What is required
Once you reach the line with "Shirts (Size 6/7)", copy it and every line after it exactly, up to the end of the data. Omit the pictures.

|---|

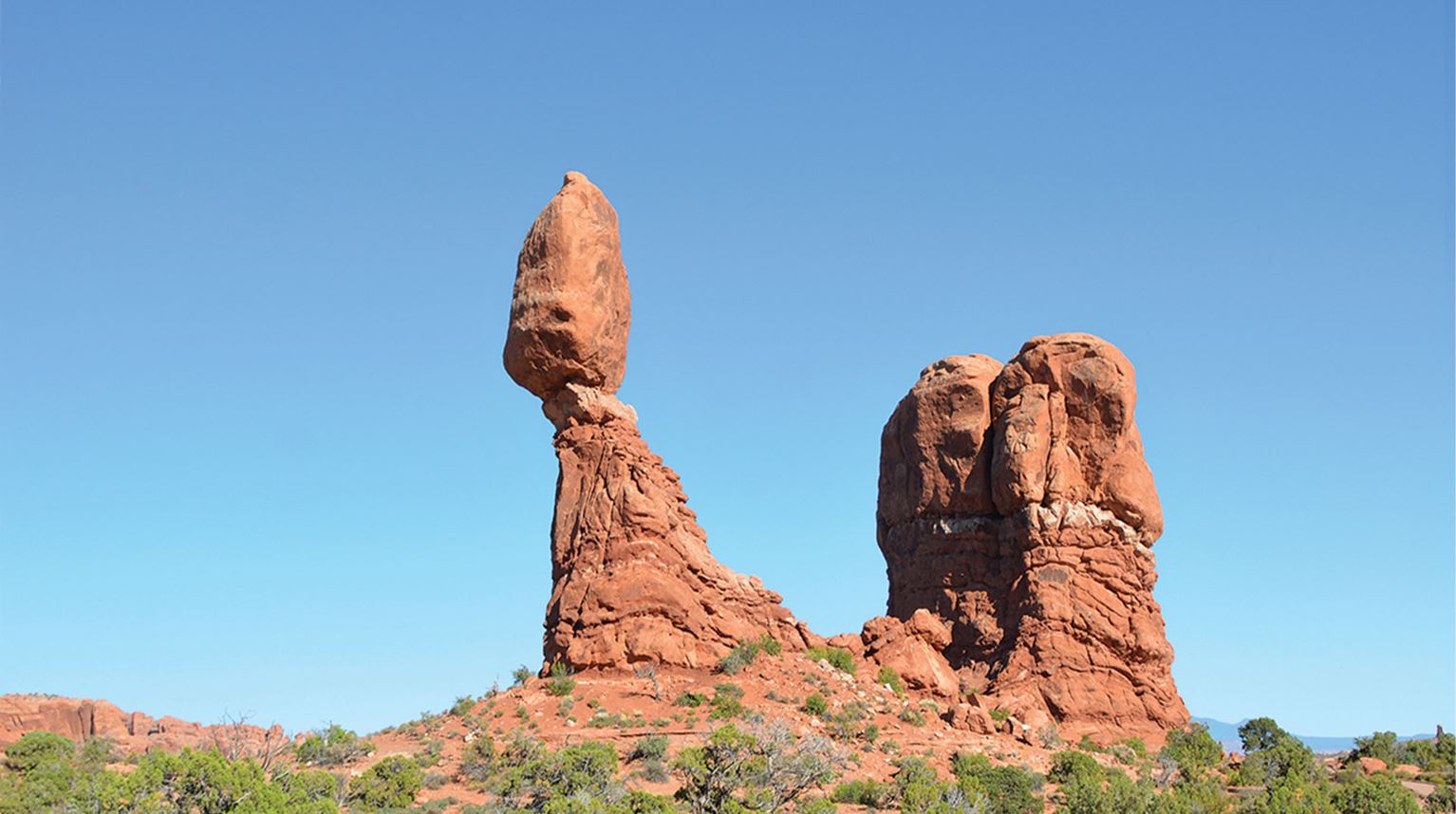 View of the Balanced Rock at Arches National Park, Utah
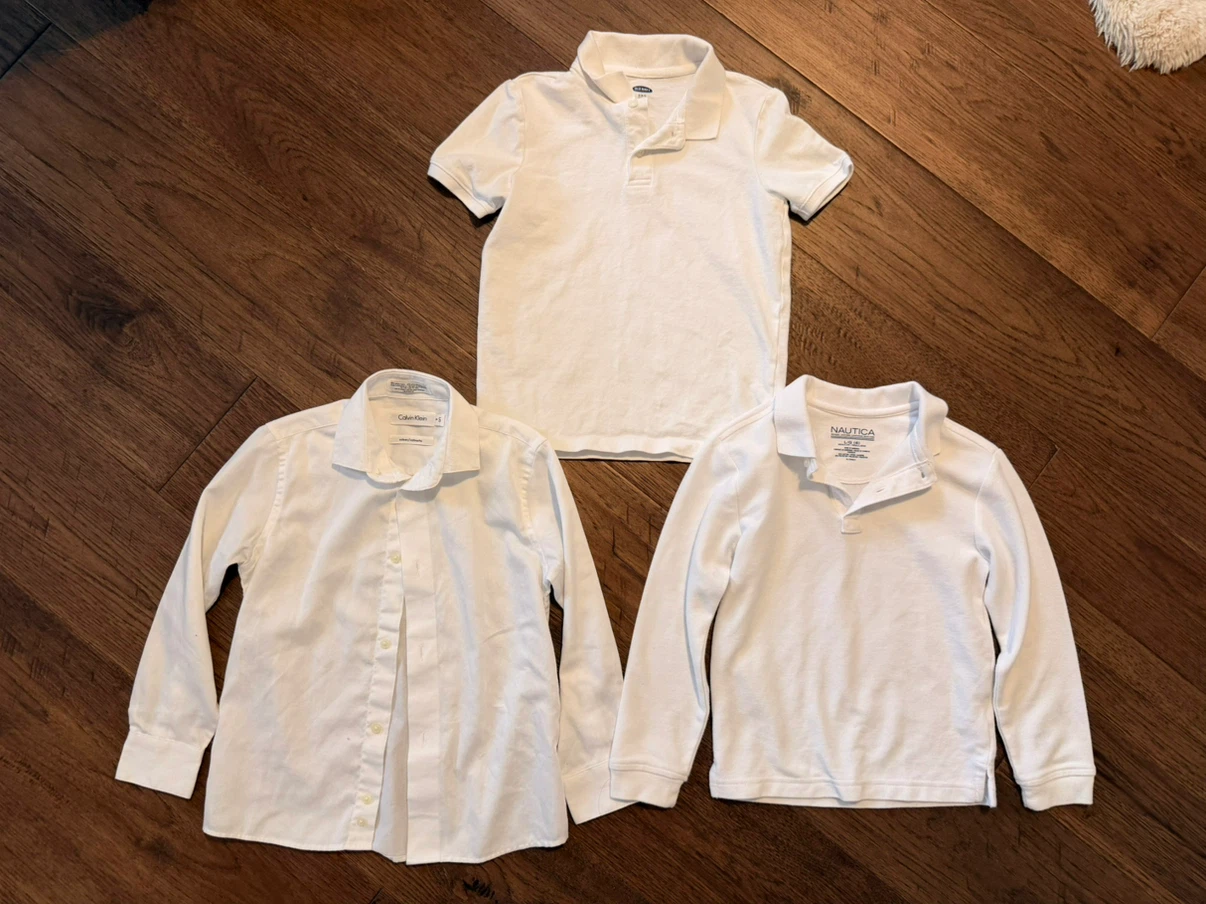 $5 for all!! White Boys Shirts / Uniform Shirts (Size 6/7)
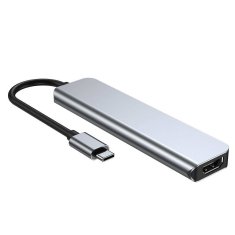 slomart razdelilnik 6v1 usb hub usb-c na 2xusb + hdmi + usb-c + čitalnik sd kartic + micro sd adapter tech-protect v4-hub siva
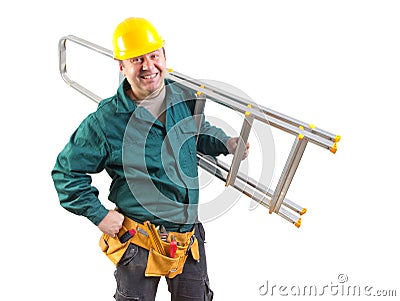 Friendly workman isolated Stock Photo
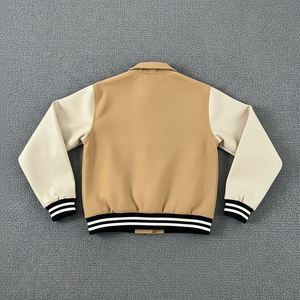 Nouvelle veste varsity pour homme, couleur beige, manches crème, logo brodé, col rabattu, coupe classique, style preppy d'automne - Product Image 5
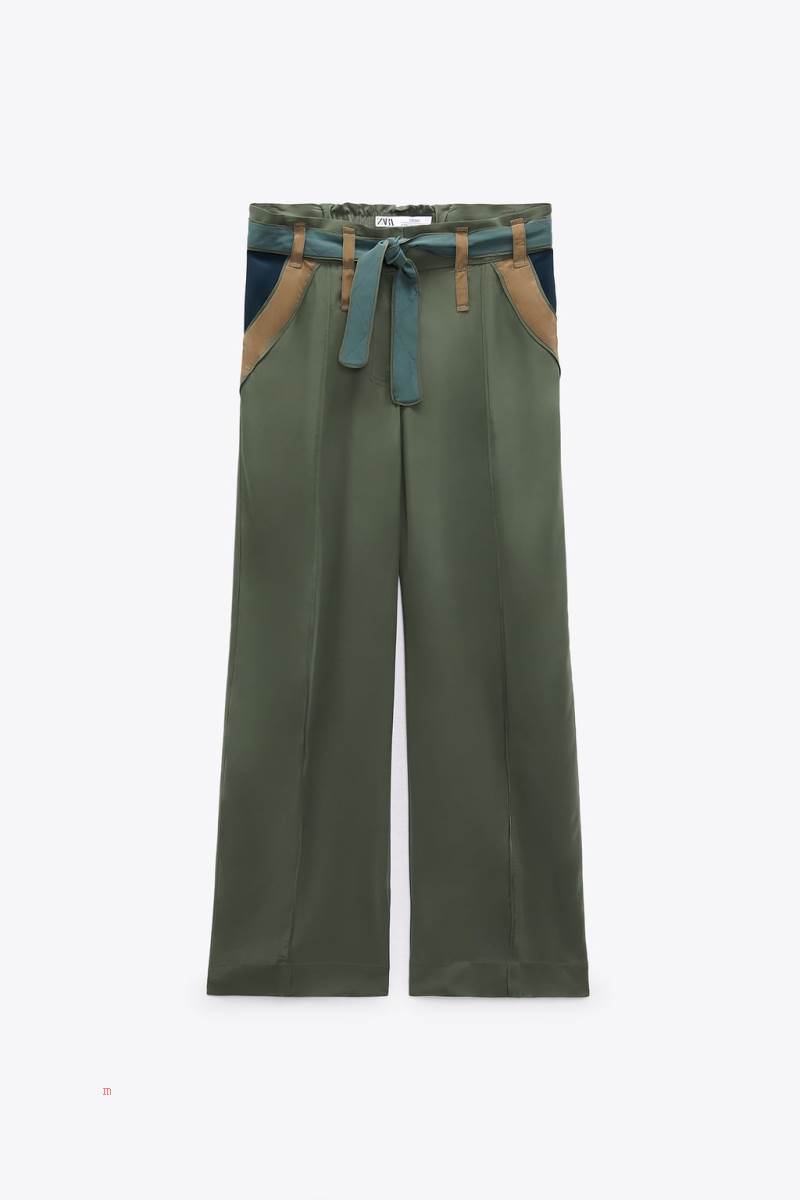 ZARA LIMITED EDITION FLOWING Byxor Dam Mörkgröna | BIYVO-0396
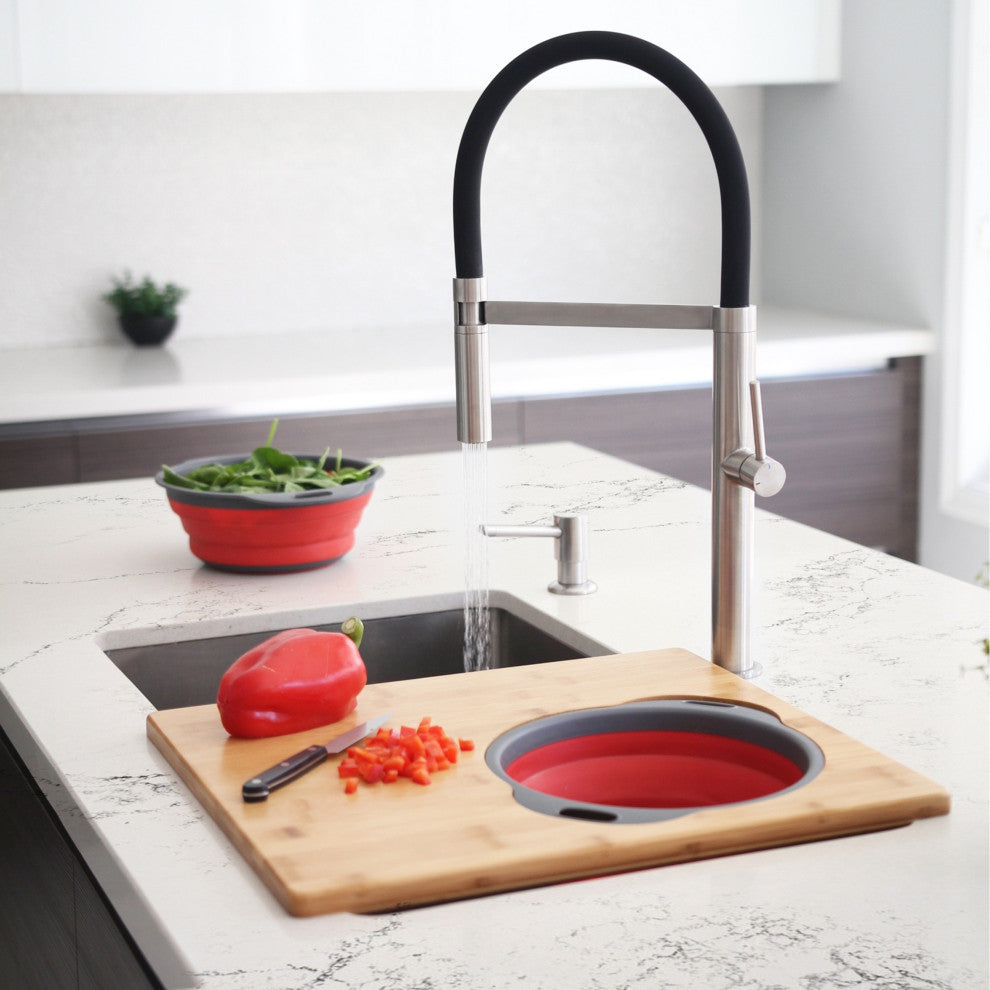 Over The Sink Large Cutting Board With Colander Set A-907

|---|

Response
 $5 for all!! White Boys Shirts / Uniform Shirts (Size 6/7)
 slomart razdelilnik 6v1 usb hub usb-c na 2xusb + hdmi + usb-c + čitalnik sd kartic + micro sd adapter tech-protect v4-hub siva
 Friendly workman isolated Stock Photo
 Nouvelle veste varsity pour homme, couleur beige, manches crème, logo brodé, col rabattu, coupe classique, style preppy d'automne - Product Image 5
 ZARA LIMITED EDITION FLOWING Byxor Dam Mörkgröna | BIYVO-0396
 Over The Sink Large Cutting Board With Colander Set A-907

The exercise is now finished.